Moroccans Pulling for Native Son in Israel

(Chron.com)
By SCHEHEREZADE FARAMARZI and LAURIE COPANS Associated Press Writers
BOUJAD, Morocco — Past a faded green door, under washing flapping from a line, stands a dilapidated house that represents the beginning of a Jewish odyssey. The house on the Darb al-Kadareen alley in this town's Jewish quarter was once the home of a toddler named Armand Perez who would take the Hebrew name Amir Peretz and become the Israeli Labor Party's candidate for prime minister in Tuesday's election.
His date of birth _ March 9, 1952 _ and the years of his parents' births are meticulously recorded in Boujad's Town Hall in both the Western and Islamic calendars.
Today, no one in this farming town 170 miles from Rabat, the capital, remembers the boy who left at age 4. But some recall his father, David Perez, telling how he cried _ as did some of the town's Muslims _ when he and other Jews sold their houses half a century ago and immigrated to Israel.
Those were tumultuous times.

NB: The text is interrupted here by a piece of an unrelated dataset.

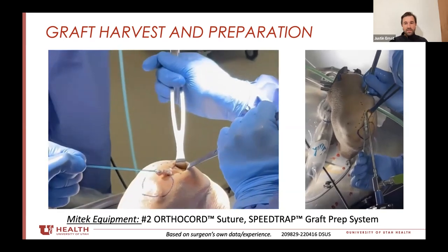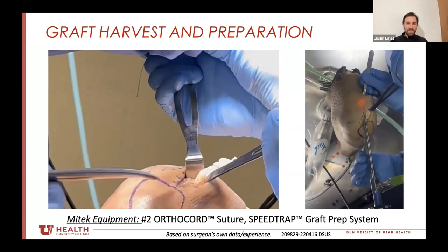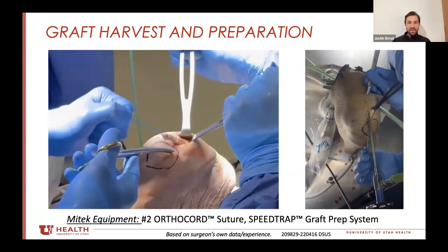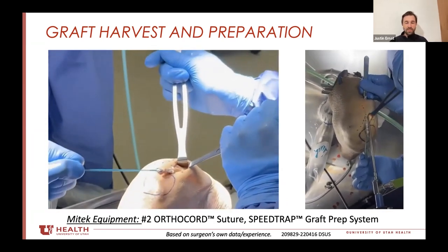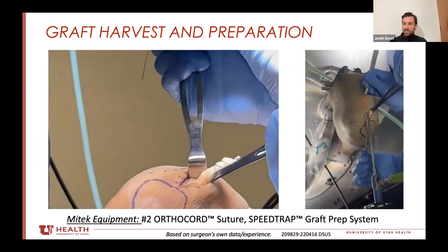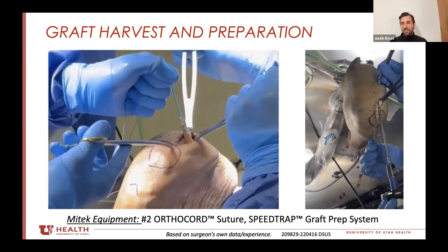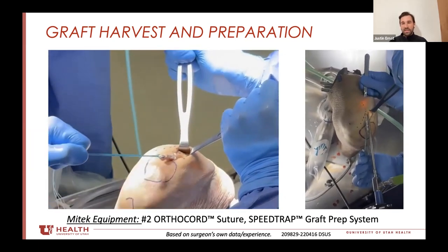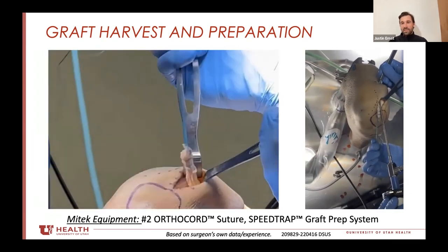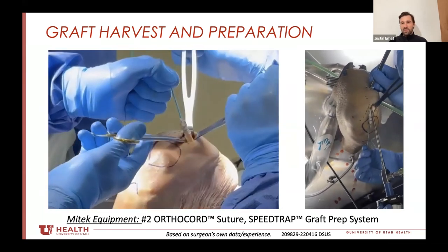Once I get more control, it's just continued release. The assistants are kind of pulling up on the retractors and I'm looking from the end of the bed — straight up the incision, up the quadriceps — keeping an eye on my trajectory, making sure I don't violate muscle or the joint. If I'm still uncertain, I can stick the camera back in there and confirm where the end is. Once I've gotten the length I need, I make a little percutaneous incision at the level of the end of the graft and release it underneath the skin. No special equipment — still just scissors and a knife.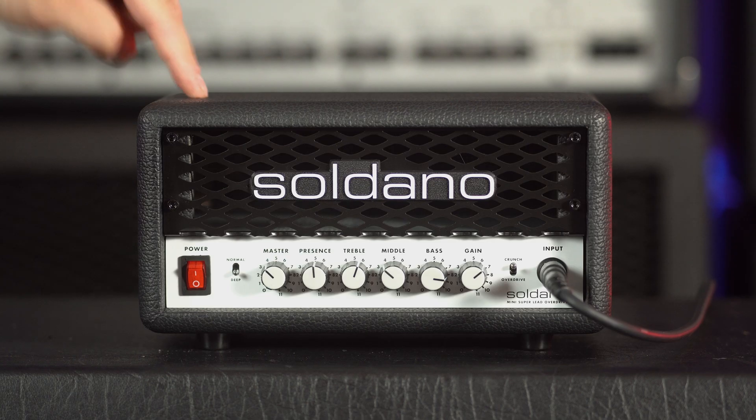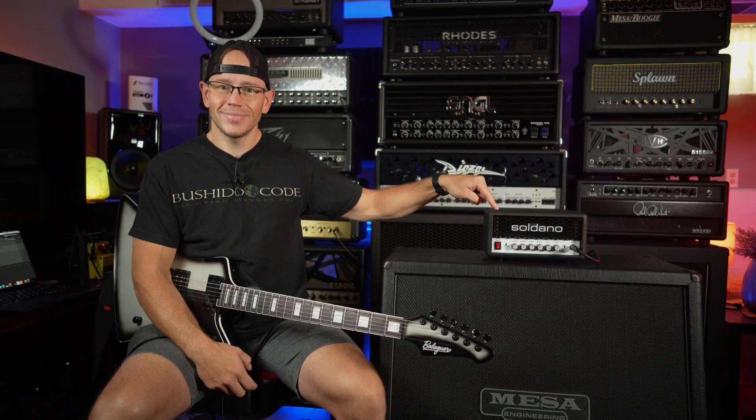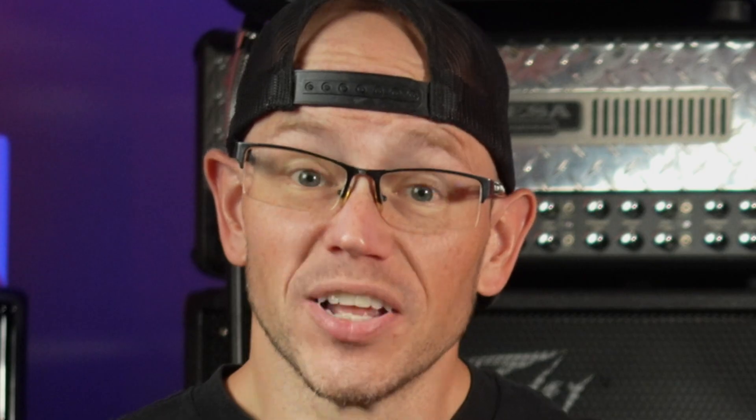What's up guys, Kyle here again and today we are checking out the Soldano SLO Mini. It's so cute. Let's do it!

Israel was at war with the entire Arab world. Its Zionist mission was to gather in the Jews of the diaspora, and that included as many of Morocco's 200,000 Jews as wanted to go. Some left as soon as Israel came into existence in 1948, and many more _ 5,000 a month _ after Morocco won independence from France in 1956.
Today, while most Arab countries remain off-limits to Israelis, Morocco is welcoming back its former citizens in droves on visits to trace their roots, among them Amir Peretz. He came in 1993, along with his father and stepmother, his mother having died some years earlier.
Boujad has grown from a village to a town of 42,000, farming wheat, barley and sheep on the surrounding plains.
Old-timers are aware that a native son is campaigning to become Israel's prime minister and are cheering for him. They also know that of the three leading candidates, he is the most dovish toward the Palestinians.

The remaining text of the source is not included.